Proving what? That use of DMT promotes a specifc reaction? So? The results of morphine use are well known, yet no one questions why the patient suddenly feels no pain. It's not a "miracle", it's chemistry.

If DMT creates these incredibly vivid "encounters" then that tells us more about the nature of DMT than it does about the validity of these so-called "contacts". Since all we are is a couple pounds of grey goo in a skull-shaped box, all reality is based on input. A chemical potent enough to override that input totally would create illusiary circumstances that would by definition appear totally real, yet be completely false.
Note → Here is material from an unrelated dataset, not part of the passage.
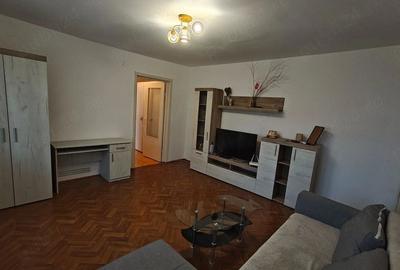 Apartament cu 3 camere semidecomandat, mobilat în Complex Studențesc
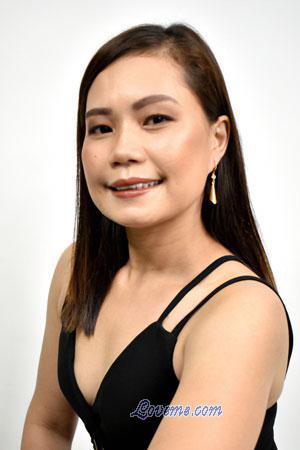 215951 - Marichil Age: 36 - Philippines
It tells you about the nature of DMT maybe more than other things, yes, but you dismiss these contacts as being somehow "invalid" when I think we don't even know how to call a contact "valid" or "invalid" (since we, or at least I, don't know at all what they are to begin with). Certainly drugs can create illusions of things that aren't real, but if you have an illusion of something that's very similar to some other experience that you can't define, maybe that thing that can't be defined is working on the same parts of the brain.

I don't know if that's true or not, I'm just saying maybe, hence the need for more research from all possible avenues.